Nel passato, quando non era stupido dire che c’era un dibattito vero sull’impatto della politica della finanza pubblica e monetaria in una trappola di liquidità, c’erano in realtà due grandi temi sui quali gli accademici come me e coloro che pretendevano di essere saggi ma non lo erano, utilizzavano per davvero modelli diversi. Uno era l’inflazione; l’altro erano i tassi di interesse, a proposito dei quali si diffondevano molti ammonimenti tremendi sull’impatto dei deficit di bilancio, mentre la macroeconomia di base diceva l’opposto.
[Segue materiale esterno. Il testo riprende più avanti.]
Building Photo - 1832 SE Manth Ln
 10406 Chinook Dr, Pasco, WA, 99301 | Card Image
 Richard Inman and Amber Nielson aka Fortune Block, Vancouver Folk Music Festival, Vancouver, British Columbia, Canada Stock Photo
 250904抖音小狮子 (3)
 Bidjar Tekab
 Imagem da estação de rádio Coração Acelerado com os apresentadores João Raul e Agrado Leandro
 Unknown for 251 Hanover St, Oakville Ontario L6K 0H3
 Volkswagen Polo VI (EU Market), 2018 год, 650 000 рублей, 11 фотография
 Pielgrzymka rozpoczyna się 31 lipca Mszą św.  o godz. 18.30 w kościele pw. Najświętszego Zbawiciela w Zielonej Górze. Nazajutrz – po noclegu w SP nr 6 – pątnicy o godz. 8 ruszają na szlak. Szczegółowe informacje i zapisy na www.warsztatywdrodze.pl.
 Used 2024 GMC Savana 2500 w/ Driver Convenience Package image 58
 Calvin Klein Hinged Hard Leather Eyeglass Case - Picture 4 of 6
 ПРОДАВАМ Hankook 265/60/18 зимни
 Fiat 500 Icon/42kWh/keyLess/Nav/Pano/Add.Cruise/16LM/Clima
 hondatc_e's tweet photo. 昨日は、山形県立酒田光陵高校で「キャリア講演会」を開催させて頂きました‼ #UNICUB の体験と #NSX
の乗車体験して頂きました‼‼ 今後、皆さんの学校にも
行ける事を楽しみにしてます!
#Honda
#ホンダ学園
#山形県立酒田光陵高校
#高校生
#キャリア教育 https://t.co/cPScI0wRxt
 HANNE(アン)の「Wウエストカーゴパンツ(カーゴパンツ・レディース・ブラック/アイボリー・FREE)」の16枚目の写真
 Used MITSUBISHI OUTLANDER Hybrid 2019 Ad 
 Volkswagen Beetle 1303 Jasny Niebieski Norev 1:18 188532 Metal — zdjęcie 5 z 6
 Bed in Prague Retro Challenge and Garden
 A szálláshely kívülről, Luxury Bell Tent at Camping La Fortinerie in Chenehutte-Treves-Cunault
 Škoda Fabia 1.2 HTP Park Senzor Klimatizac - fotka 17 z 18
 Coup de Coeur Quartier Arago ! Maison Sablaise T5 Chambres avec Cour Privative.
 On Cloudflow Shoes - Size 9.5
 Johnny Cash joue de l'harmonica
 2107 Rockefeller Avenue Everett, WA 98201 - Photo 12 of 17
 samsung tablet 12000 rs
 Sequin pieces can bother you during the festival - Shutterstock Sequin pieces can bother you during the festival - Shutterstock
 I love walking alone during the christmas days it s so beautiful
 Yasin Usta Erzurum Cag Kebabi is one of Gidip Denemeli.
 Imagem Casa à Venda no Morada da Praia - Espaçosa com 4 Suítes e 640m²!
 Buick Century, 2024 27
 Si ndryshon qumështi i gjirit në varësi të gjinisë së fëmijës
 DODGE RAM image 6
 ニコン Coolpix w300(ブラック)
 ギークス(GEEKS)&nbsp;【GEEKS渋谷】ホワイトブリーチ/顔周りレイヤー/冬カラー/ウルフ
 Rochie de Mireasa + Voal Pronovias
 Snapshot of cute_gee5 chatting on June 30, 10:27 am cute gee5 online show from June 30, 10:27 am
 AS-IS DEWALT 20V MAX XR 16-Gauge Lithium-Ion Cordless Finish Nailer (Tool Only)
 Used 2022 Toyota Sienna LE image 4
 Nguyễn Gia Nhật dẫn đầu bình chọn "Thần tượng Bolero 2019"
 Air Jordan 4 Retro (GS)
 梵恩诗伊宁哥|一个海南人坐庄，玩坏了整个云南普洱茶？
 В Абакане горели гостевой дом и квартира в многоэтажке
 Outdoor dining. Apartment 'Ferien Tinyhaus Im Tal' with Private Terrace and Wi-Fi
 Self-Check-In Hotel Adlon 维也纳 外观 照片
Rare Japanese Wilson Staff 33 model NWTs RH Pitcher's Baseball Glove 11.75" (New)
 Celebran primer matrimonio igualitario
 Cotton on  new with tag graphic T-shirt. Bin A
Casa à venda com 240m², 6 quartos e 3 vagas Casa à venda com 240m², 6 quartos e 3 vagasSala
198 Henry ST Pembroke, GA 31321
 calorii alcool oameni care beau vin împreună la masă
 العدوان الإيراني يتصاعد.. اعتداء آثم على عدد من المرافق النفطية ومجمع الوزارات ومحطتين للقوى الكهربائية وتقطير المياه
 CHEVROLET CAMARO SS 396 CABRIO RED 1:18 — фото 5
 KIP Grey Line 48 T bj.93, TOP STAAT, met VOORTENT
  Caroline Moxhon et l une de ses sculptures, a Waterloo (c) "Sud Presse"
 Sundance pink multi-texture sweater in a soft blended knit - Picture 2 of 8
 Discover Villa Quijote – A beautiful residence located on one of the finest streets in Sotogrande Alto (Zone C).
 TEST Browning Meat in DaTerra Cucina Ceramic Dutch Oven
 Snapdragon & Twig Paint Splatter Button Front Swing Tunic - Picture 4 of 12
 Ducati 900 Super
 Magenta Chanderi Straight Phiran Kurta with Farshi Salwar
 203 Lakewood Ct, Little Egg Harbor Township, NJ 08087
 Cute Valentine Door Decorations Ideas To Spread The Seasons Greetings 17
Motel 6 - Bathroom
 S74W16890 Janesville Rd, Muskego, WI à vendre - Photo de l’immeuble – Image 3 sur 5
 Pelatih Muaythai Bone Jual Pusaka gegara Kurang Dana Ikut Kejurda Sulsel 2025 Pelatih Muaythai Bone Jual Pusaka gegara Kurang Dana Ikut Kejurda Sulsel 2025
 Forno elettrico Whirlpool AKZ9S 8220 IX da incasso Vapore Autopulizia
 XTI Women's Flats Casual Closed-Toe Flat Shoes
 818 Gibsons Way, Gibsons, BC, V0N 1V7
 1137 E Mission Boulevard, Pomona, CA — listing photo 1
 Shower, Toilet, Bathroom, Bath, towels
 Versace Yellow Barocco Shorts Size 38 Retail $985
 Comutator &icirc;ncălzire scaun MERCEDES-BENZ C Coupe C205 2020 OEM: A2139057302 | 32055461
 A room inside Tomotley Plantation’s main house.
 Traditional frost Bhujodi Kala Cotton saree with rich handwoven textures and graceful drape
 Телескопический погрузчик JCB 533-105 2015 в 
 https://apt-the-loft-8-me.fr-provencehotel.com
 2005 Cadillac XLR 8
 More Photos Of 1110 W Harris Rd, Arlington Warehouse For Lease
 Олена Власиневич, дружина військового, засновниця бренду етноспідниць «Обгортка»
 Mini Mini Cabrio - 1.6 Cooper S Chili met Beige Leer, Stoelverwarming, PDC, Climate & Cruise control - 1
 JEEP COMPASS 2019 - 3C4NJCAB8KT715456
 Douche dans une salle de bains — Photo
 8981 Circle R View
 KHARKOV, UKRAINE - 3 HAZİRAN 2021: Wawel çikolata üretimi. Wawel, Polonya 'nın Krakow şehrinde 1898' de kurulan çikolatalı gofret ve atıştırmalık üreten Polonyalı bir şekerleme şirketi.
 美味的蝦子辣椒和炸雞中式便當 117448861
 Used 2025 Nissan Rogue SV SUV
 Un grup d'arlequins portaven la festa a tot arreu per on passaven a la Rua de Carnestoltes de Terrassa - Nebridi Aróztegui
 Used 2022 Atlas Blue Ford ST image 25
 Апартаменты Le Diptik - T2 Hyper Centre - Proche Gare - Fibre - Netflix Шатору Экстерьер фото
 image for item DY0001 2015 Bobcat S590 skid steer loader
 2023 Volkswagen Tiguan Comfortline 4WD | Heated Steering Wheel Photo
Potreste pensare che sei anni di bassi tassi abbiano risolto quella disputa, ma viviamo in un’epoca di “derp” (“ottusi”). In effetti, quello che è davvero considerevole è la perdurante sicurezza da parte dell’altro schieramento di conoscere cosa vuole il mercato – “il signor Mercato”, per usare la frase di Robert Preston -, anche se i risultati del mercato effettivo sono stati in gran parte quelli che la teoria della trappola di liquidità aveva previsto.

Tuttavia, ammesso che i divulgatori della ottusità sul tasso di interesse in qualche modo riconoscano questa circostanza, essi rimproverano i mercati perché non si comportano come dovrebbero. Ricordate quando Alan Greenspan dichiarò che il fatto che i tassi di interesse non si impennassero e l’inflazione non decollasse era “deplorevole”? (quando, pochi mesi orsono, mi incontrai con un altro ben noto personaggio, egli ammise che “Il mercato sembra convenire con lei”, ma il suo tono era abbastanza rancoroso).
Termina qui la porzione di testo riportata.